Bahareh Zarebahari affirme qu’il y a trois semaines, des agents de sécurité l’ont menottée, l’ont tirée par les cheveux, les bras et les jambes, et ont essayé de la faire embarquer de force à bord d’un vol pour l’Iran. Ces derniers jours, et bien qu’aucune décision n’ait encore été rendue concernant sa demande d’asile, les autorités aéroportuaires ont essayé de la forcer à signer des documents selon lesquels elle acceptait d’être expulsée vers l’Iran. Dans des publications récentes sur Facebook, elle affirme n’avoir reçu aucune information relative à son cas de la part des autorités philippines, bien qu’une décision sur son dossier soit imminente, selon certaines sources.

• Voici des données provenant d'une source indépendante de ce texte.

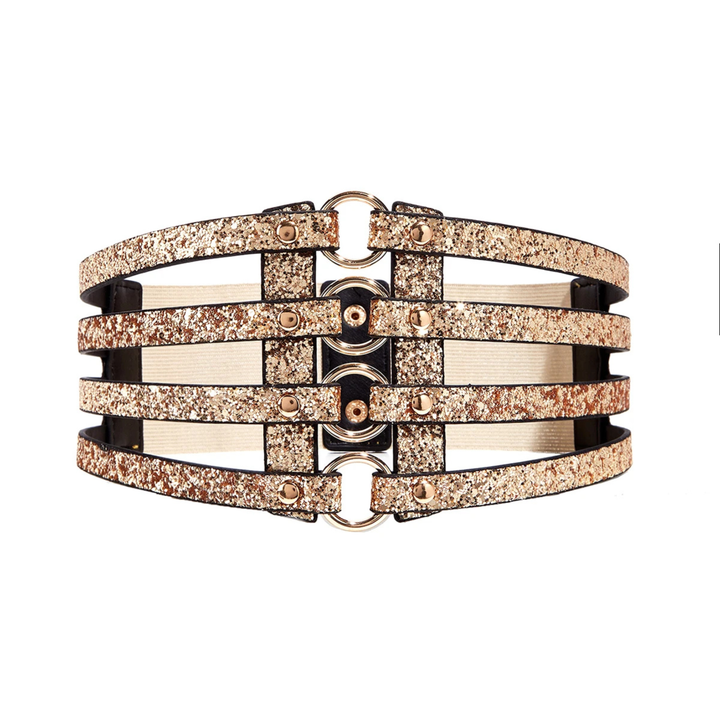 Heiress Corset Belt
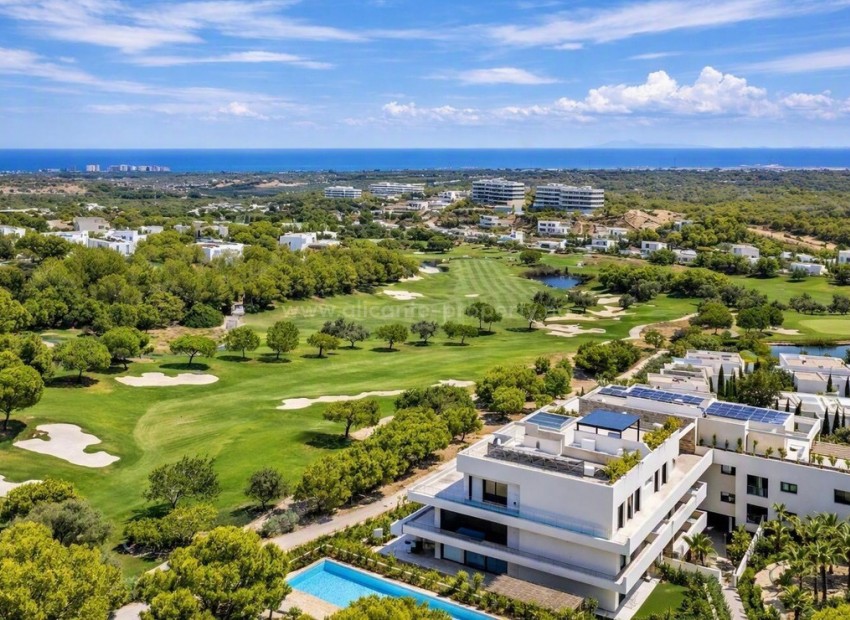 Apartment / flat in Las Colinas Golf Resort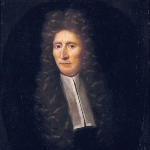 Frederik Ruysch - Father of Rachel Ruysch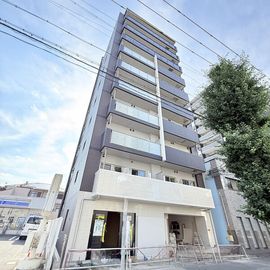 亀島駅より徒歩5分 3階 新築の賃貸物件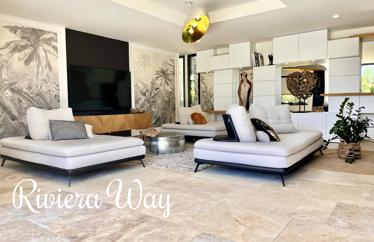 5 room villa in Biot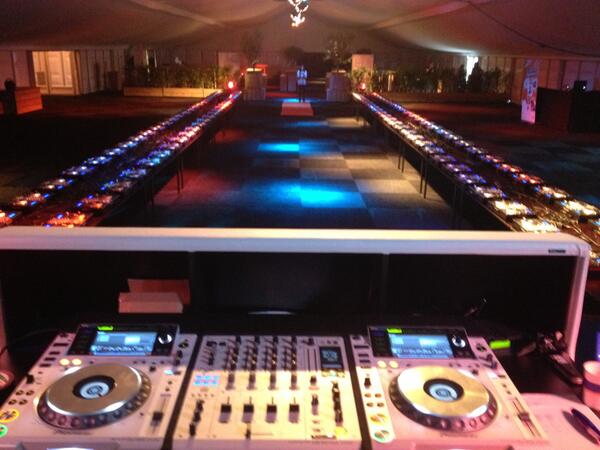 DJ_workshop's tweet photo. Wauw! Erg genoten van de DJ-Workshop dit weekend! @RaboLvCM #spaarfeest http://t.co/AV4gUgIuyi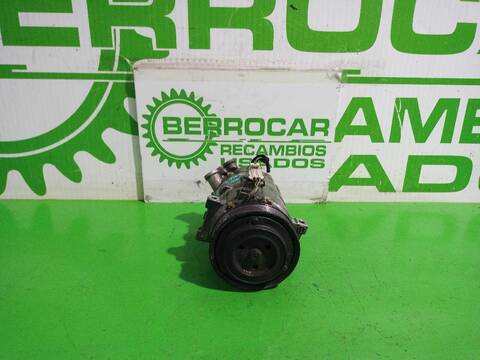 Compresor Aire Acondicionado Opel Vectra GTS 125CV
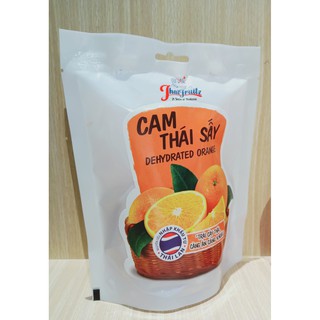 Cam Thái sấy Thaifruitz 100g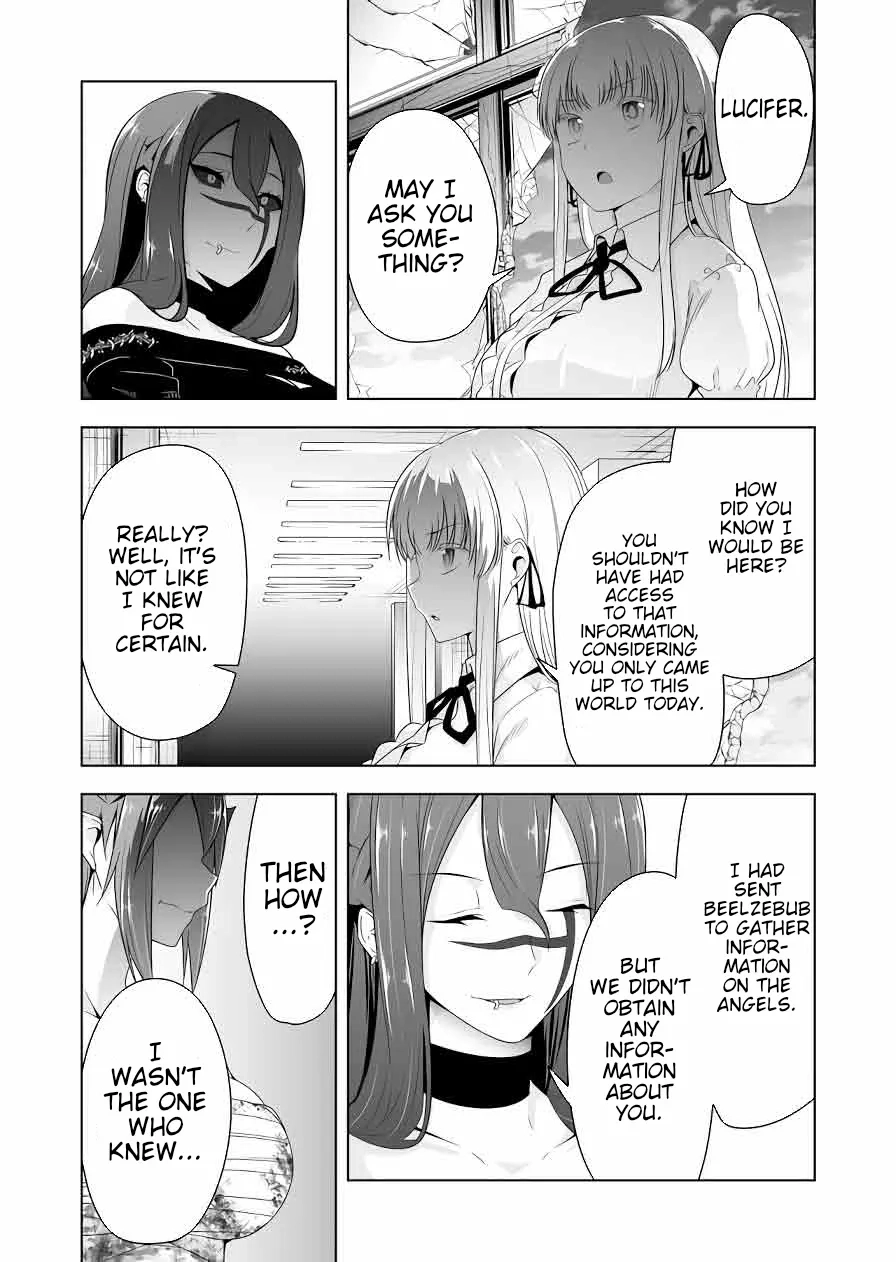 Devilchi Chapter 124 page 6 -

Markk Perete, sous-secrétaire du Ministère philippin de la Justice, a précédemment déclaré que « la seule raison de sa détention à l’aéroport [...] est la notice rouge publiée contre elle ».
Le 6 novembre, Leila de Lima, sénatrice philippine et prisonnière d’opinion adoptée par Amnesty International, a fait état de son inquiétude concernant le cas de Bahareh Zarebahari, et exhorté le gouvernement philippin à examiner sa demande d’asile conformément au droit international relatif aux droits humains.
Aux termes du droit international, chaque État a le droit de réglementer les conditions d’accès et de résidence des étrangers sur son territoire et de renvoyer dans leur pays d’origine les personnes en situation irrégulière. Toutefois, comme tous les autres États, les Philippines doivent respecter le principe de non-refoulement, clé de voûte du droit relatif aux réfugié·e·s, inscrit dans le droit international coutumier. En vertu de ce principe, il est interdit aux gouvernements d’envoyer qui que ce soit dans un pays où cette personne risquerait de subir de graves violations des droits fondamentaux.